The combination of two healthy and well-capitalized CUs also underscores a new chapter in interstate expansion and likely emergence of a West Coast force with branch penetration in nine states and a strong member presence in major metro markets including Portland and the Bay area.
The combined CU would have 320,000 members nationwide with what was described as a sophisticated "tech culture," embracing such giants as Hewlett Packard, Cisco, Microsoft, Tektronix and Agilent Technologies along with a well-educated government base of state employees.
First Tech has assets of $2.2 billion and a 17-branch network in Oregon and Washington, while Addison Avenue has $2.5 billion and 21 branches including one in Puerto Rico.

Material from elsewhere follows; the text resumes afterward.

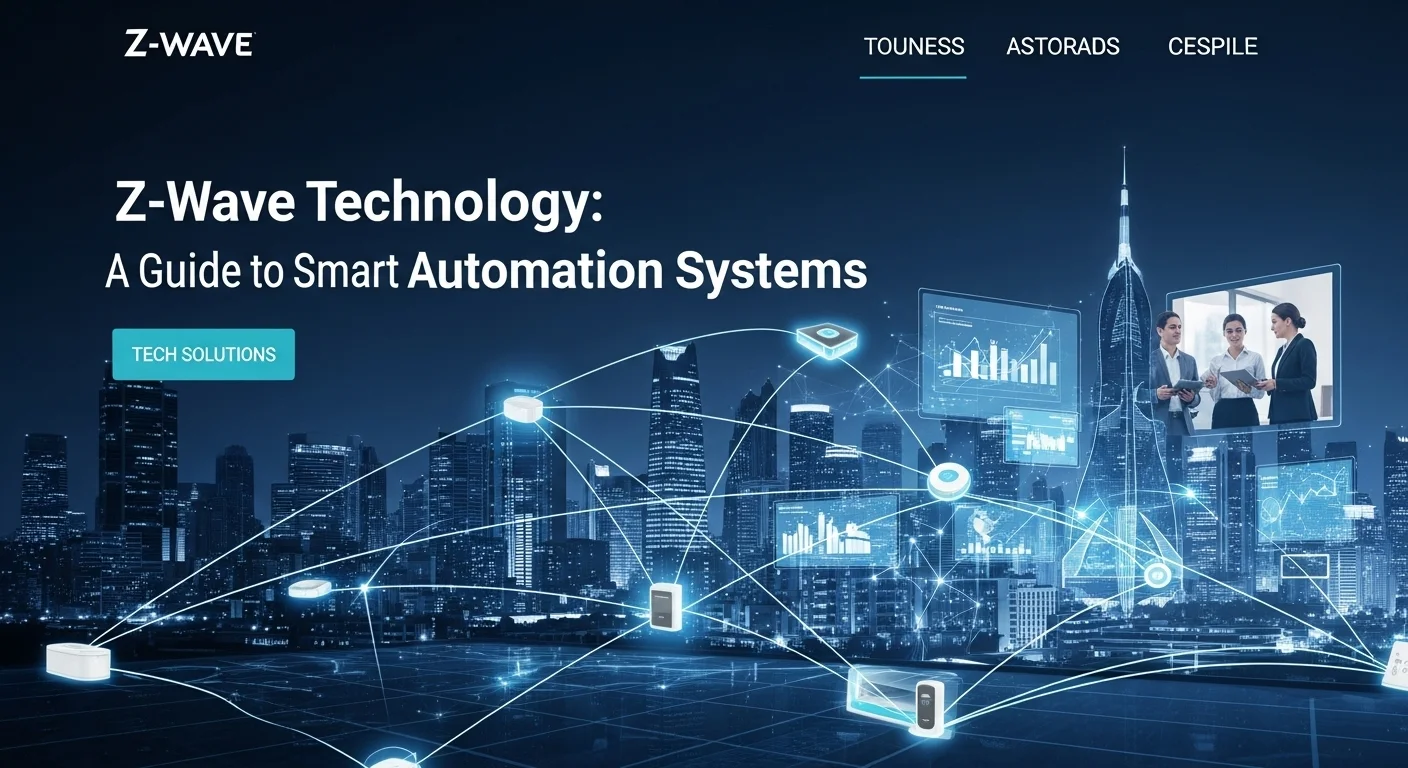 Modern technology landscape with business elements and tech solutions for Z Wave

Benson Porter, president/CEO of Addison Avenue, commented, "Yes, I am being considered for the CEO job once the merger is cleared by regulatory agencies and approved by the membership." He took over the California CU three years ago after serving as a top executive at the old Washington Mutual Savings in Seattle, now part of Chase Bank.
The veteran president/CEO of First Tech, Tom Sargent, formally disclosed his retirement plans last month "but I will stay on until my successor is selected."
The 59-year-old Sargent, who has been credited with numerous product and management innovations, told Credit Union Times he is retiring "because it is time for a new generation to take over."